“Who’s Buying These ‘Fortress’ A-Rated REITs?” was one of my final 2023 articles. In it, I described blue-chip real estate investment trusts, or REITs, as the crème de la crème, the very best-quality companies that you can own. They’re great stocks to own in almost any market cycle because they most always have access to equity and debt.
“And they typically generate stable earnings and dividends. The most common attributes for a blue-chip are its balance sheet and conservative dividend policy.

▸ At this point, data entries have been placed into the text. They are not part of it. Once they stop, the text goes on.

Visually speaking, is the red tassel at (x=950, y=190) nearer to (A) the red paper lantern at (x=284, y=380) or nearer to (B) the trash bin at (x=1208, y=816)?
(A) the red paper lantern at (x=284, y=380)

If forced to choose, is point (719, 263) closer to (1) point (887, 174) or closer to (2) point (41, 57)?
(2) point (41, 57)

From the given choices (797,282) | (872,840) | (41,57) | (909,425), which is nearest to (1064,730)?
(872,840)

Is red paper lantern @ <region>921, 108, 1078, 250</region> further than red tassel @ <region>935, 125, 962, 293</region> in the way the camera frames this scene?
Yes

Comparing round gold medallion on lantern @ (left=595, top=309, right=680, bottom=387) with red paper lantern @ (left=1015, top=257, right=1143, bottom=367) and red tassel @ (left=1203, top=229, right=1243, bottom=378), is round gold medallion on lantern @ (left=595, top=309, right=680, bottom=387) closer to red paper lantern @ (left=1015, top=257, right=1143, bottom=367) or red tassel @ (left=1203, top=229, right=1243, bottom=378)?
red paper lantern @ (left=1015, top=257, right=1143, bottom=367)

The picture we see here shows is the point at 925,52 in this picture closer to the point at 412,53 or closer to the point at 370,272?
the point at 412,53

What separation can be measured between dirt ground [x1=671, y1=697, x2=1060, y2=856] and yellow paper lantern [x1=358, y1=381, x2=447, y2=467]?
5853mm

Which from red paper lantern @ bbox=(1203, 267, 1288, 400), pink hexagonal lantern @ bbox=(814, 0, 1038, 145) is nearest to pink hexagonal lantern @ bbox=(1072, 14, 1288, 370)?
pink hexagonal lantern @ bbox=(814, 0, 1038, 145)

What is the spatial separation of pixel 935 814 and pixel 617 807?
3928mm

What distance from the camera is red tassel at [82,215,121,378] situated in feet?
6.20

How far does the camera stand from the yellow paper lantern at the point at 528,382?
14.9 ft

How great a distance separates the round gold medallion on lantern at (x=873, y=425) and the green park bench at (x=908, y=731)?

“Specifically, blue-chip companies [almost] always have modest debt ratios with low-risk credit ratings.”
That’s why I also call them sleep well at night stocks or SWANs. And why they’re able to demonstrate “consistent growth in adjusted funds from operations [AFFO] and dividends, making them attractive investments.”

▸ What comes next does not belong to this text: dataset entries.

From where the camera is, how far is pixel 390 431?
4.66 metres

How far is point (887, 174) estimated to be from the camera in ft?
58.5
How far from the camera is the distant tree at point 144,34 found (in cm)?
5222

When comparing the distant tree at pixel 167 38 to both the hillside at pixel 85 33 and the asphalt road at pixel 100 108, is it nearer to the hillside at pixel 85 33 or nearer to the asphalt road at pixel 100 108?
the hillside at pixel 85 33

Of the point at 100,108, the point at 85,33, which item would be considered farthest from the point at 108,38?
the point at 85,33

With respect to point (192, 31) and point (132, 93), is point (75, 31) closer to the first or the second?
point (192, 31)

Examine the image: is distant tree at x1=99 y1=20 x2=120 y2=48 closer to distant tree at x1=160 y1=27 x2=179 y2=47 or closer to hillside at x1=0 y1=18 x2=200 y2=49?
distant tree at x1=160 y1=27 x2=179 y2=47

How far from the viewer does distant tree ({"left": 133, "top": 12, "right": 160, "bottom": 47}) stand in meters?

It’s always great to own such top-notch investments. But they do have two distinct downsides.
One is that their dependability tends to translate to higher stock prices. This can mean their fair valuations are simply higher, meaning you need more dollars to buy a single share. And it very, very often means they trade at those fair valuations or higher – instead of the discounts we like to look for.

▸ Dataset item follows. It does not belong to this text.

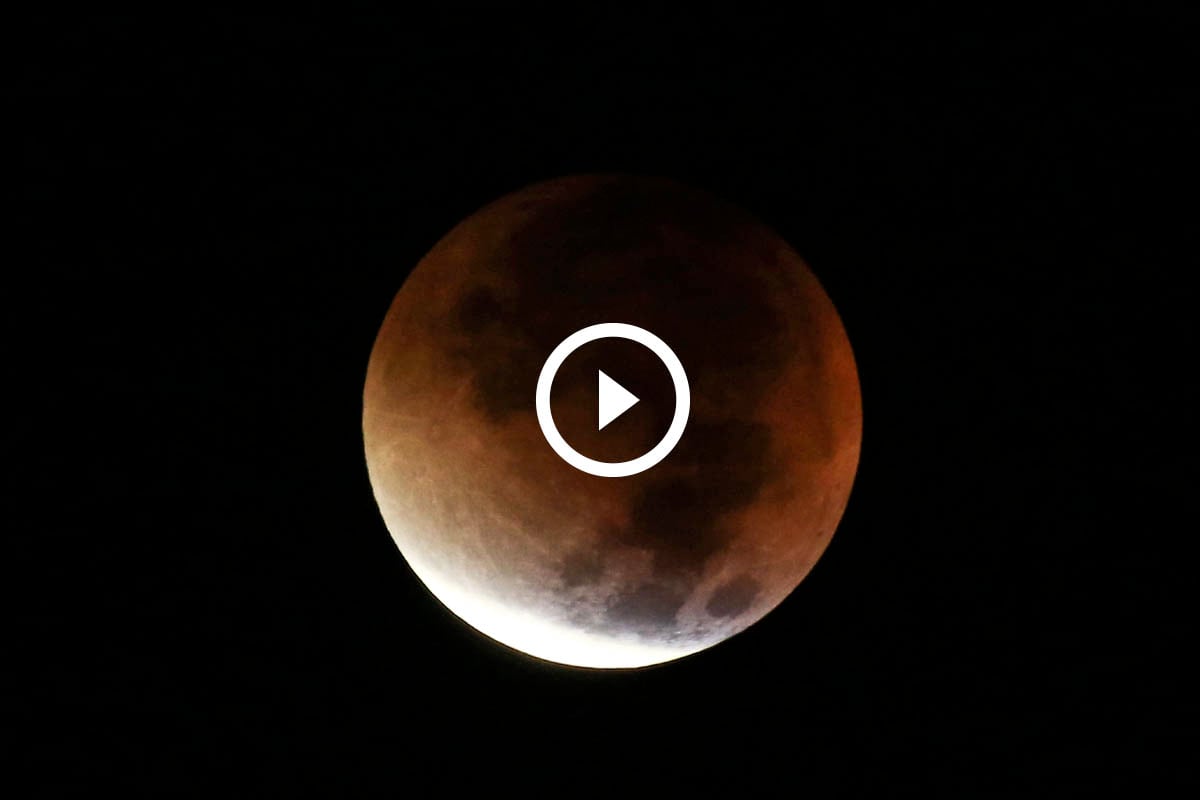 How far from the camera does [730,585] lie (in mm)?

There’s also the issue that they don’t often provide immediate boosts of profit. They do provide profits. Safe, significant ones too.
But they take more time to accrue. So if you’re looking for a faster turnaround, you usually need to increase your risk and look lower on the alphabet.
The Appeal of BBB+ Rated REITs
Now, as my regular readers know, I don’t advise adding too much risk to your investing inventory – neither in overall theory nor stock-to-stock practice. But there’s no way to avoid risk all around.
There’s simply no investment that can provide 100% rewards 100% of the time. So there is a proper balance to strike, and that exact balance is going to look different for every individual investor. However, BBB+ rated REITs are rarely a bad place to turn.
To understand how, let’s first look at the S&P rating structure, where AAA is the absolute best designation. The worst of the worst, meanwhile, is D.
If a company is slapped with that latter assessment, it means it’s about two steps away from crashing and burning.
That’s too much risk, for the record. Though I’m sure you already recognize that. It’s obvious.
S&P Global Rating’s whole structure is very easy to use, in fact, sliding down like this:
- AAA
- AA
- A
- BBB
- BB
- B
- CCC
- CC
- C
- D.
The first four ratings are labeled as “investment grade” while the latter six are “speculative grade.” Which means that BBB is the lowest you can go in the investment grade category.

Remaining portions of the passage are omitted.